Stacey e Kazuo

Stacey e Kazuo

publicidade

Hotel de gelo

 

      O prêmio Nobel da literatura de 2017 é um japonês com educação e biografia britânicas. Kazuo Ishiguro de japonês só tem a certidão de nascimento e a aparência. Ele é muito conhecido especialmente por dois livros: “Os vestígios do dia” e “Não me abandone jamais”. Tentei os dois e não fui muito longe. Tem obras que não me pegam. A falha é com certeza minha. Em compensação, li três vezes de cabo a rabo “Ulisses”, de James Joyce”, considerado intransponível. A primeira experiência foi quando eu tinha 20 anos. Fui passar férias em Palomas. Levei só o volume de Joyce. Temia não passar de umas cinquenta páginas. Li a primeira vez. Pouco entendi. Não havia muito o que fazer. Li de novo.

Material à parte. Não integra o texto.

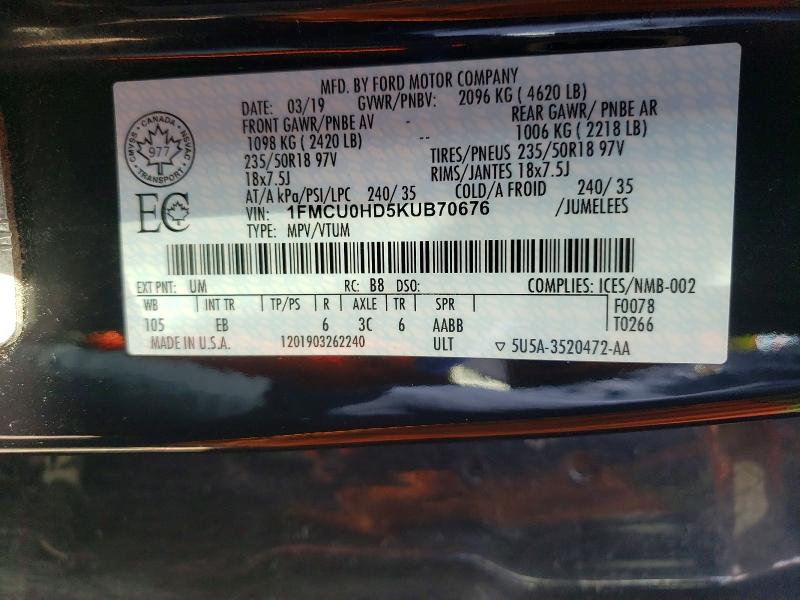 2019 Ford Escape მანქანა იყიდება აუქციონზე, vin: 1FMCU0HD5KUB70676, აუქციონის ნომერი: 53106806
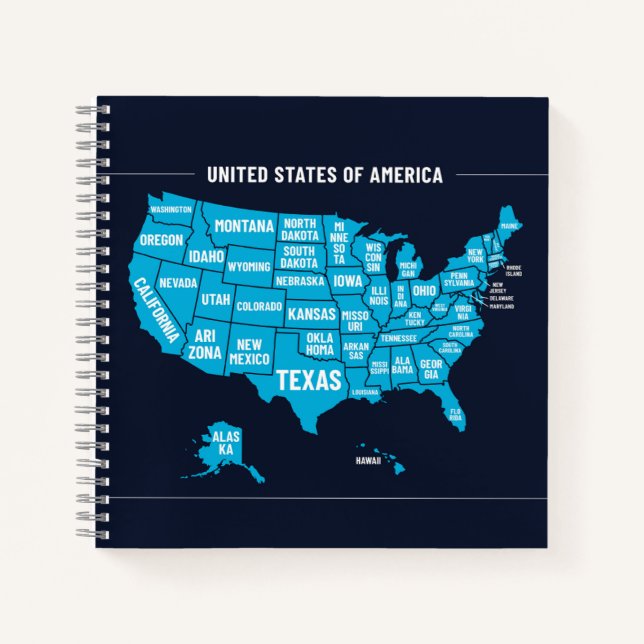 United States Map Teal Minimal Design Notebook (Front)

Passados 25 anos, arrisquei a terceira leitura. Foi muito mais lento, mais produtivo, mas não necessariamente mais esclarecedor. É incrível como temos pressa e certezas quando somos jovens. Em todo caso, foi lindo. A literatura não precisa ser pedagógica. Ou tem sua pedagogia do mistério e do enigma. Tentarei novamente ler Ishiguro. Quem sabe funcione. Tenho de fazer a mesma coisa com Philip Roth. Tentei cinco livros dele. Não terminei um só. Por quê? Não sei. Um fã de Roth me definiu com uma palavra: “Imbecil”. É uma hipótese que considero cada vez mais para ser explorada e aprofundada. Um amigo gremista arriscou uma explicação mais ousada: Roth é um nome que me traz más lembranças. A piada é bem razoável, mas não se sustenta.

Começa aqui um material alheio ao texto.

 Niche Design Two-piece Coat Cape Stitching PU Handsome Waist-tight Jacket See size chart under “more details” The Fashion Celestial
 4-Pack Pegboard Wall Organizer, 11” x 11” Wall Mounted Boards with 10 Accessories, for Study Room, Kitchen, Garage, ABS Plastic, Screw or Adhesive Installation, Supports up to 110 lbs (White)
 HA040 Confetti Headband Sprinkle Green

Kazuo Ishiguro fez letras para Stacey Kent. Ela tem uma voz límpida e maravilhosa. É uma das minhas cantoras preferidas. Bossa Nova em inglês com uma voz que lembra vagamente o arrastado sinuoso de eternas meninas das mulheres francesas. Uma das canções se chama “Ice hotel”. Começa assim: “Vamos eu e você ir embora para o Hotel de Gelo/O Caribe está tudo reservado e é só assim”. A oposição entre o gelo e o Caribe acende em mim muitas divagações. Um escritor, de prosa, poesia ou letras de música, precisa mobilizar o nosso imaginário, que é o nosso ponto G. Espero não estar sendo indecente.

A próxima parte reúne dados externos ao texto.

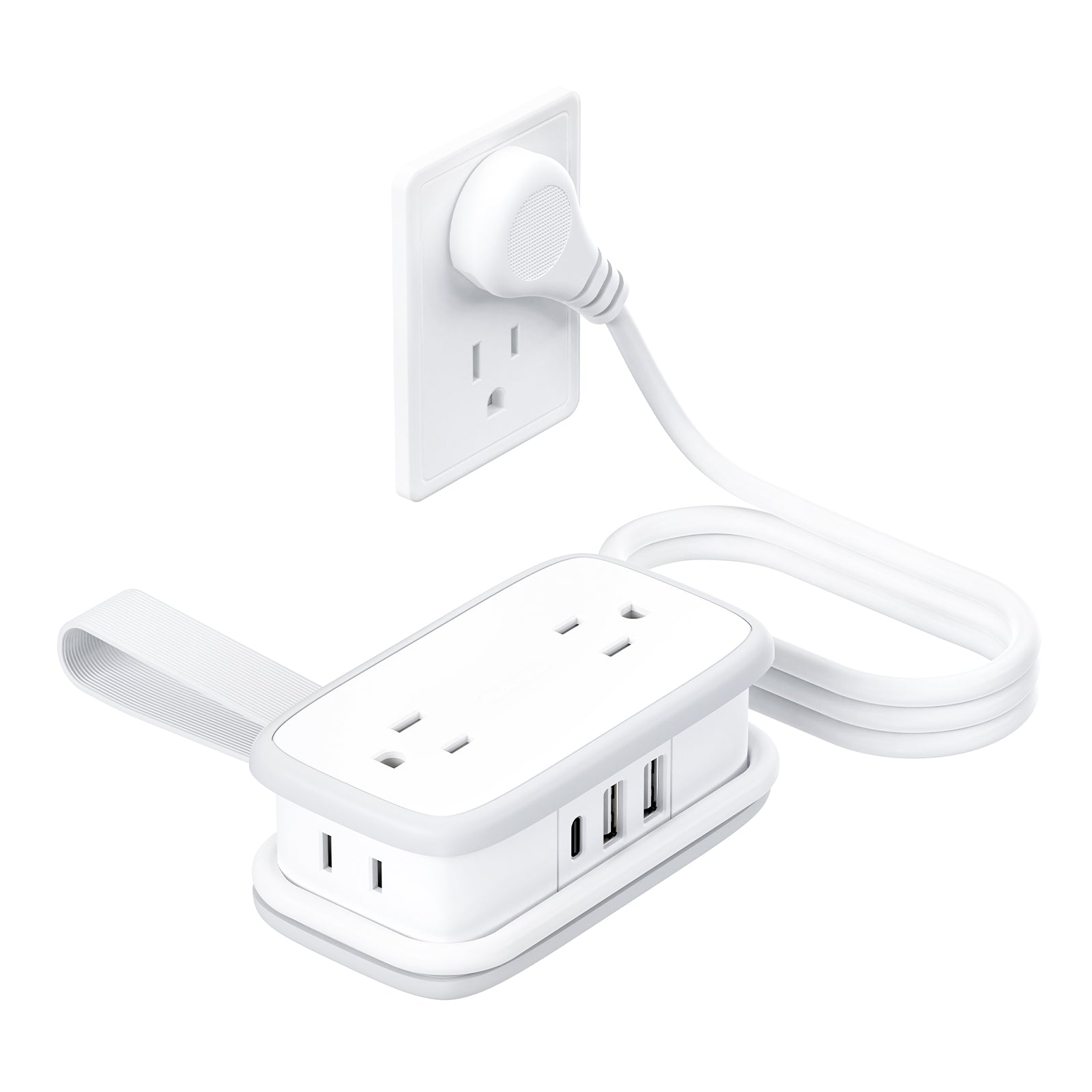 Ntonpower Pocket Power Strip 4 Outlets 3 USB Ports(1 Type C)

Li “Ulisses” nas duas primeiras vezes dentro de uma carreta de boi, deitado num pelego, à sombra de um frondoso cinamomo. Será que isso diz alguma coisa sobre minha percepção singular da arte? A terceira vez já foi uma leitura urbana. Kazuo Ishiguro tem um texto cristalino como se vê em “O gigante enterrado”: “Você teria que procurar muito tempo para encontrar algo parecido com as veredas sinuosas ou os prados tranquilos pelos quais a Inglaterra mais tarde se tornaria célebre. Em vez disso, o que havia eram quilômetros de terra desolada e inculta; por todo lado, trilhas toscas que atravessavam colinas escarpadas ou charnecas áridas”. Por que não me apaixono por sua prosa como me acontece com a de Michel Houellebecq?

A paixão, inclusive pela arte, é o grande mistério: não pode ser imposta. Absorvo arte de maneira epidérmica. Deixo a emoção falar antes da razão e da educação. Sigo a minha sensibilidade, que tem caminhos próprios e jamais, na sua humildade, pretende ditar regras.